Uncovering a novel role of focal adhesion and interferon-gamma in cellular rejection of kidney allografts at single cell resolution

Abstract

Background: Kidney transplant recipients are currently treated with nonspecific immunosuppressants that cause severe systemic side effects. Current immunosuppressants were developed based on their effect on T-cell activation rather than the underlying mechanisms driving alloimmune responses. Thus, understanding the role of the intragraft microenvironment will help us identify more directed therapies with lower side effects.

Methods: To understand the role of the alloimmune response and the intragraft microenvironment in cellular rejection progression, we conducted a Single nucleus RNA sequencing (snRNA-seq) on one human non-rejecting kidney allograft sample, one borderline sample, and T-cell mediated rejection (TCMR) sample (Banff IIa). We studied the differential gene expression and enriched pathways in different conditions, in addition to ligand-receptor (L-R) interactions.

Results: Pathway analysis of T-cells in borderline sample showed enrichment for allograft rejection pathway, suggesting that the borderline sample reflects an early rejection. Hence, this allows for studying the early stages of cellular rejection. Moreover, we showed that focal adhesion (FA), IFNg pathways, and endomucin (EMCN) were significantly upregulated in endothelial cell clusters (ECs) of borderline compared to ECs TCMR. Furthermore, we found that pericytes in TCMR seem to favor endothelial permeability compared to borderline. Similarly, T-cells interaction with ECs in borderline differs from TCMR by involving DAMPS-TLRs interactions.

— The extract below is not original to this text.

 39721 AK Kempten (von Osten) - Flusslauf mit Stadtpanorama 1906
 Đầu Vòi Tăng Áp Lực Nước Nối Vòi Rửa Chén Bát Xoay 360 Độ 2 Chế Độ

Conclusion: Our data revealed novel roles of T-cells, ECs, and pericytes in cellular rejection progression, providing new clues on the pathophysiology of allograft rejection.

Keywords: alloimmunity; cellular microenvironment; graft rejection; kidney transplantation; single-cell analysis.

Figure 1

(A–C) Umaps of non-rejecting, borderline, and T-cell mediated rejection (TCMR) samples showing different clusters. (D) Umaps showing the expression of certain canonical markers used for cluster annotation. PT (Proximal tubules), AL-1 (Ascending loop of Henle-1), AL-2 (Ascending loop of Henle-2), CNT-PC (Connecting tubules-Principal cells), DCT-PC-CNT (Distal convoluted tubules-Principal cells- Connecting tubules), DL (Descending loop of Henle), IC-A (intercalated cells A), IC-B (intercalated cells-B), DCT (Distal convoluted tubules), EC (Endothelial cells), PO (podocytes).

Figure 2

(A) Plot showing the differentially expressed genes between borderline (red) and TCMR (blue). (B) Pathway analysis of T-cell cluster in borderline compared to TCMR samples using Hallmark database showed enrichment for interferon-gamma and alpha responses and allograft rejection pathways (C) Violin plots showing the level expression of genes part of allograft rejection and interferon-gamma response pathways in three conditions.

Figure 3

(A) Volcano plot showing the up-regulated genes in endothelial cell clusters (ECs) between borderline and TCMR. Blue and red dots and genes up-regulated in borderline and TCMR, respectively; green dots are genes with log-fold change (logFC) between 1 and -1; gray dots are genes that did not reach a significance level. (B) Scatter plots showing the top enriched pathways in non-rejection, borderline, and TCMR samples. (C) Violin plots showing the level expression of genes part of integrin signaling, VEGF, angiogenesis, interferon-gamma response, and antigen processing pathways in ECs clusters in the three conditions.

Figure 4

(A) T-cells, endothelial cells (EC), and pericytes interactions. Focal adhesion represents the interaction between ECs and the surrounding basement membrane (BM); adhesion plaque is the interaction between ECs and pericytes. (B) Violin plot showing canonical markers expressed by pericyte clusters in borderline and TCMR. (C, D) Circos plot showing the ligand-receptor interactions between pericytes in yellow and endothelial cells in orange in borderline and TCMR; the heads of arrows are toward the receptor side; the halo color around the arrow represents the strength of this interaction as per L-R score. (E, F) Circos plot showing the ligand-receptor interactions between T-cells in yellow and endothelial cells in orange in borderline and TCMR; the heads of arrows are toward the receptor side; the halo color around the arrow represents the strength of this interaction as per L-R score.